While the HL7 FHIR standard incorporated components designed to carry model semantics, these components have yet to be put to much serious use. (Reference Graham’s blog post on Semantics, the W5 ontology, and the HL7 / SNOMED Template transformation tools.

Both HL7 V3 and FHIR did include the ability to provide semantics for enumerated value domains (aka. “value sets”). While the meanings of the containing class (e.g. Observation) and attribute (e.g. urine color) are still largely informal, HL7 has gone to some effort to specify a (typically very broad) set of permissible values for the actual attribute. Because HL7 is an official standards body, however, they control both the permissible value meanings (ala. ISO 11179) and the values themselves, as exemplified by the HL7 V3 CD and HL7 FHIR CodedEntry data types. Our harmonization effort requires that we be able to associate a set of values in an existing model (e.g. “1”, “2, “9” or “H”, “R”, “D”, etc) with their formal meaning. As the models already existed, we could not mandate that the “concept code” be used as the actual data value.

Data harmonization entails an additional step that is not currently included as a part of the HL7 standards – a declarative description of how an external data source such as that contained in the Epic system is mapped to the HL7 FHIR equivalent. The documentation, validation and transformation processes are all left to Epic and its customers and, to the best of our knowledge, are not publicly documented or validated.
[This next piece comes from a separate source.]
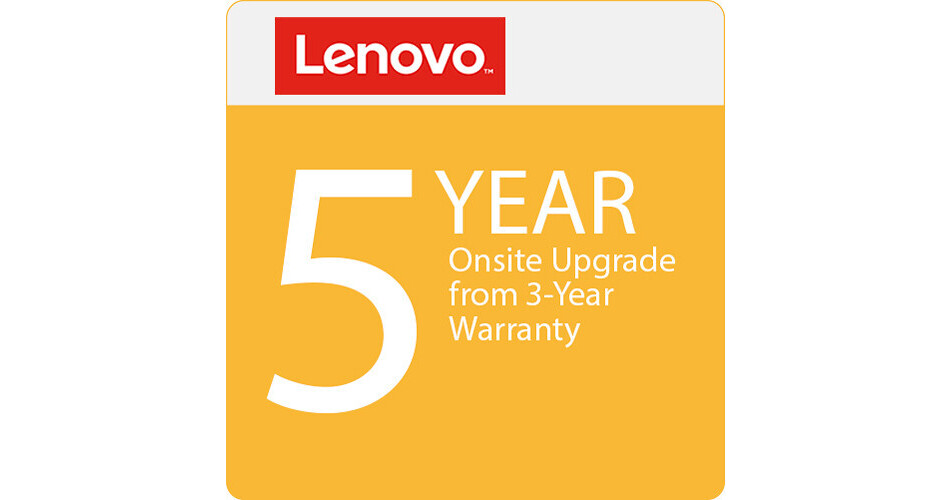 Lenovo 5Year OnSite Warranty Upgrade 5WS0V08568 B&H Photo Video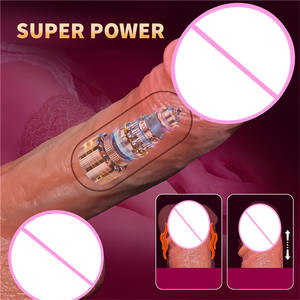 Heetverkopende XLN merk elektrische vibrerende <span class=keywords><strong>dildo</strong></span> met stotende functie, vloeibaar siliconen, waterdicht, CE-gecertificeerd, 423g gewicht, seksspeeltjes voor volwassenen - Product Image 2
The ISO/IEC 11179 model, as exemplified by the caDSR, provides a mechanism that allows communities of users to take existing models and add class, attribute and value semantics. One of the goals of the CCDH data harmonization process is to assemble these disparate components – the models and the model semantics – into an integrated whole. We (the CCDH modeling group) were faced with a difficult choice. Should we:

Leverage the HL7 FHIR modeling language and its (unused) semantic components to represent the various CCDH input and target models or…
… use a semantic modeling tool (LinkML) that was being actively developed for supporting data harmonization in an entirely different domain.
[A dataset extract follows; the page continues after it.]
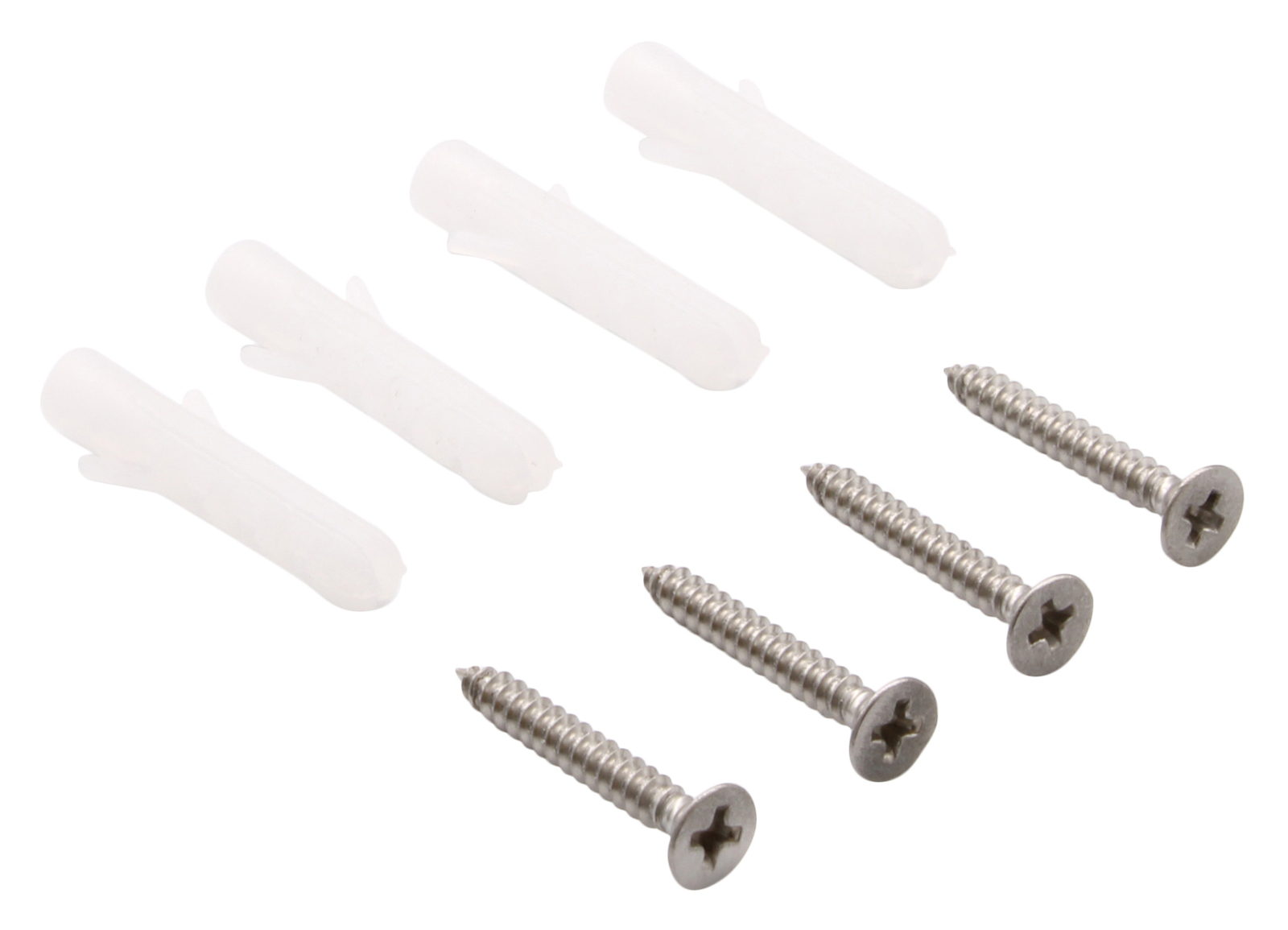 CRL MC01BN Brushed Nickel 5/8" Wide Mirror Clip Set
While, in the beginning, we had some weak leanings toward option (a) (FHIR modeling language), we encountered a number of issues that would need to be resolved, including:

The FHIR community had put the majority of its effort into tools and processes to support FHIR “profiles” – extensions and constraints to existing FHIR Resource models. While the notion of a “logical” FHIR model (i.e. a model built from scratch vs. one based on the FHIR resource infrastructure) existed and had been used demonstrations of the FHIR mapping language amongst other things, the actually creation of one of these models required a good deal of intimate knowledge of the domain and the intricacies and foibles of the associated tools.
The FHIR modeling language and its artifacts were well accepted in the clinical domain, there was a fair amount of pushback on its applicability in other domains such as genomics, phenomics and secondary data use.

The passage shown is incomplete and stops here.